Wang J, Cao J, Dickson AL, Poss KD - Nature (2015)

Bottom Line: Transplantation of Sonic hedgehog (Shh)-soaked beads at the ventricular base stimulates epicardial regeneration after bulbous arteriosus removal, indicating that Hh signalling can substitute for the influence of the outflow tract.Thus, the ventricular epicardium has pronounced regenerative capacity, regulated by the neighbouring cardiac outflow tract and Hh signalling.These findings extend our understanding of tissue interactions during regeneration and have implications for mobilizing epicardial cells for therapeutic heart repair.

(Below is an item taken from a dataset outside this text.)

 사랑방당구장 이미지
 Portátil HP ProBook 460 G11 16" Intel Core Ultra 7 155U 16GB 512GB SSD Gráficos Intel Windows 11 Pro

View Article: PubMed Central - PubMed

Affiliation: Department of Cell Biology and Howard Hughes Medical Institute, Duke University Medical Center, Durham, North Carolina 27710, USA.

ABSTRACT
In response to cardiac damage, a mesothelial tissue layer enveloping the heart called the epicardium is activated to proliferate and accumulate at the injury site. Recent studies have implicated the epicardium in multiple aspects of cardiac repair: as a source of paracrine signals for cardiomyocyte survival or proliferation; a supply of perivascular cells and possibly other cell types such as cardiomyocytes; and as a mediator of inflammation. However, the biology and dynamism of the adult epicardium is poorly understood. To investigate this, we created a transgenic line to ablate the epicardial cell population in adult zebrafish. Here we find that genetic depletion of the epicardium after myocardial loss inhibits cardiomyocyte proliferation and delays muscle regeneration. The epicardium vigorously regenerates after its ablation, through proliferation and migration of spared epicardial cells as a sheet to cover the exposed ventricular surface in a wave from the chamber base towards its apex. By reconstituting epicardial regeneration ex vivo, we show that extirpation of the bulbous arteriosus-a distinct, smooth-muscle-rich tissue structure that distributes outflow from the ventricle-prevents epicardial regeneration. Conversely, experimental repositioning of the bulbous arteriosus by tissue recombination initiates epicardial regeneration and can govern its direction. Hedgehog (Hh) ligand is expressed in the bulbous arteriosus, and treatment with a Hh signalling antagonist arrests epicardial regeneration and blunts the epicardial response to muscle injury. Transplantation of Sonic hedgehog (Shh)-soaked beads at the ventricular base stimulates epicardial regeneration after bulbous arteriosus removal, indicating that Hh signalling can substitute for the influence of the outflow tract. Thus, the ventricular epicardium has pronounced regenerative capacity, regulated by the neighbouring cardiac outflow tract and Hh signalling. These findings extend our understanding of tissue interactions during regeneration and have implications for mobilizing epicardial cells for therapeutic heart repair.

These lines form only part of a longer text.